Поглощенный этой самолюбивой мальчишеской затеей, герцог не испытывал скуки. Впрочем, грубый разврат ему всегда претил, и волокитство его неизменно отмечала печать изысканности. Он так рьяно прожигал свою жизнь, что изрядно растратил собственные силы, и теперь ему ничего не стоило обуздать свои порывы. Герцог сам говорил, что был бы не прочь восстановить утраченное здоровье и свежесть, а временами даже мечтал вернуть молодость и сердцу, ту самую молодость, внешние признаки которой он сумел сохранить в своих речах и повадках. И так как теперь его мозг вынашивал бессовестную любовную интригу, герцог считал, что еще вполне подходит к роли романтического воздыхателя.

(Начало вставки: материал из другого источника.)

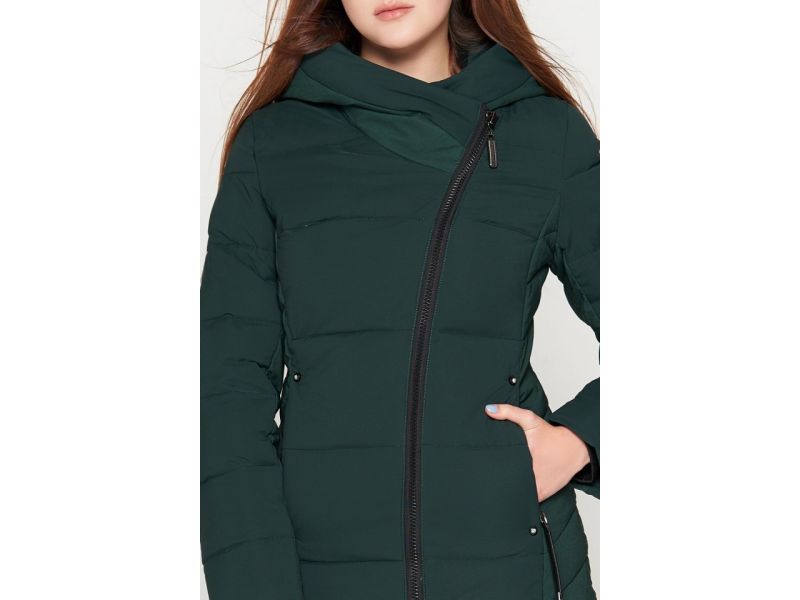 Пуховик женский на зиму темно-зеленый молодежный модель 25395, фото 6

Он так искусно плел сети, что мадемуазель де Сен-Жене в душевной своей скромности сразу попалась на крючок его мнимой добропорядочности. Видя, что герцог больше не ищет с ней встреч наедине, Каролина перестала его избегать. Герцог же, непрестанно наблюдая за ней исподтишка, как бы невзначай, сам того не желая, наталкивался на Каролину во время ее прогулок и, притворяясь, будто не хочет длить эти встречи, удалялся, подчеркнуто ненавязчивый и вместе с тем будто слегка опечаленный, так что его изысканная любезность граничила с вызывающим равнодушием.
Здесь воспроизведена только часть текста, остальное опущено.